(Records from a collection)
=== Begin Enclosure ===

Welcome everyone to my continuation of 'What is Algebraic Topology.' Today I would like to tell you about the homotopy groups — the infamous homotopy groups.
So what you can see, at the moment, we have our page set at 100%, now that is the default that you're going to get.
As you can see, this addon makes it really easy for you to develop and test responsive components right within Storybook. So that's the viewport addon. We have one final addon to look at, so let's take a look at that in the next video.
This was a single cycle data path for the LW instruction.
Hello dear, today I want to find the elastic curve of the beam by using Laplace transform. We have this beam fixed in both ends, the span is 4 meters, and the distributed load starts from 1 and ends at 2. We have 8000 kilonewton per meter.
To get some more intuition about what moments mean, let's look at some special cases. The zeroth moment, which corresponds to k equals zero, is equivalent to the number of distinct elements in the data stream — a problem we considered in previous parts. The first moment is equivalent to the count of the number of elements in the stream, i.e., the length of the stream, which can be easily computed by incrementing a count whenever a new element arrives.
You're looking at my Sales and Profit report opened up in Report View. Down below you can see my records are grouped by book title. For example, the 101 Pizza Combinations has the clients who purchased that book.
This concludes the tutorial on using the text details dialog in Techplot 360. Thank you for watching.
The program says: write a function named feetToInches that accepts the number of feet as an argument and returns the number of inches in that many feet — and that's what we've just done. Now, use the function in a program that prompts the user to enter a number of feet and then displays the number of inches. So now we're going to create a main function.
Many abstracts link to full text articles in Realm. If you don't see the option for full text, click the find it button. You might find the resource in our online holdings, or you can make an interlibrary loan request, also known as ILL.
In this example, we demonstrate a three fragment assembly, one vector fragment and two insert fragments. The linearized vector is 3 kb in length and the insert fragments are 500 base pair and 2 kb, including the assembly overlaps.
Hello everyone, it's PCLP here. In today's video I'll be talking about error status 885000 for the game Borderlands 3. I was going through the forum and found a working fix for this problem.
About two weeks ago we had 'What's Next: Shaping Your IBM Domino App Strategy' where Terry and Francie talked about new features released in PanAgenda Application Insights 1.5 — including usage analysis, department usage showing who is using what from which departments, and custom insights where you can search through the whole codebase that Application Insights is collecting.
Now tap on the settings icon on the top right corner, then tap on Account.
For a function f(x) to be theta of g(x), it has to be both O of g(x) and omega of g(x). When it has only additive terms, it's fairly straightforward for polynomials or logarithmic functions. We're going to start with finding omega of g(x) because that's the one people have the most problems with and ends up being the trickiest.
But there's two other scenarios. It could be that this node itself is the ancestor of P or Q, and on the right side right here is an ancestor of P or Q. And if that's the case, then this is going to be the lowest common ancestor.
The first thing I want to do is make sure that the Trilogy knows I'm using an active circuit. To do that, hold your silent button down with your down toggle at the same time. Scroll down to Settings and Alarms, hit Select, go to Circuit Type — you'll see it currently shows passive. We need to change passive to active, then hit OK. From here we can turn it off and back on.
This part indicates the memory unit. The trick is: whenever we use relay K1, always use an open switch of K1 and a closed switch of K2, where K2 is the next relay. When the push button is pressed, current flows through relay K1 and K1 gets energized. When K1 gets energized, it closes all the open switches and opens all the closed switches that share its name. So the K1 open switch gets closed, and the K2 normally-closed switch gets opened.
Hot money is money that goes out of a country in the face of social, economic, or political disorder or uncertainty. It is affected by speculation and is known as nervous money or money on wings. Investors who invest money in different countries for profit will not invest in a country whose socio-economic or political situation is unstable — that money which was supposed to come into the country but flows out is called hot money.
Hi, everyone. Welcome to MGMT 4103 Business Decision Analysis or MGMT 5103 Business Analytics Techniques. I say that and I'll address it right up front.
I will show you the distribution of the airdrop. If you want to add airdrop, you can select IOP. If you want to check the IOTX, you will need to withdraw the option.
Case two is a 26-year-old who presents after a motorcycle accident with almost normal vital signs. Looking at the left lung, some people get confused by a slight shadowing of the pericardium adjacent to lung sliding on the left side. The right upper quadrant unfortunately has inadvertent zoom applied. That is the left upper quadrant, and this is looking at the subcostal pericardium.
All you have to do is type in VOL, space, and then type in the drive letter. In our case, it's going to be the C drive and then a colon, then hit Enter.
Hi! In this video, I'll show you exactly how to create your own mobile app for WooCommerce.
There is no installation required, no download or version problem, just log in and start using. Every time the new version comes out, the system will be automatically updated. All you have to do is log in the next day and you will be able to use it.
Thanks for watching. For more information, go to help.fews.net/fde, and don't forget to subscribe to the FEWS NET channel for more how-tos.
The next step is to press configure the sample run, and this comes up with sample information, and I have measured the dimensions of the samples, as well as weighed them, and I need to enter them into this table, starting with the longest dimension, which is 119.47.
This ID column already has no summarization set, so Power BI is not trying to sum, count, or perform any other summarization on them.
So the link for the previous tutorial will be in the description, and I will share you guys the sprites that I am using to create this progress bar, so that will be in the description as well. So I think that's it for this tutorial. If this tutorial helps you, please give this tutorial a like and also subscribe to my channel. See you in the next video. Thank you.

=== End Enclosure ===

• [WHAT YOU NEED TO DO] I'd like the lines above from the one with "You're looking at" up to and including the one with "Many abstracts link" copied exactly, with no other lines.

• [WRITTEN RESPONSE]
You're looking at my Sales and Profit report opened up in Report View. Down below you can see my records are grouped by book title. For example, the 101 Pizza Combinations has the clients who purchased that book.
This concludes the tutorial on using the text details dialog in Techplot 360. Thank you for watching.
The program says: write a function named feetToInches that accepts the number of feet as an argument and returns the number of inches in that many feet — and that's what we've just done. Now, use the function in a program that prompts the user to enter a number of feet and then displays the number of inches. So now we're going to create a main function.
Many abstracts link to full text articles in Realm. If you don't see the option for full text, click the find it button. You might find the resource in our online holdings, or you can make an interlibrary loan request, also known as ILL.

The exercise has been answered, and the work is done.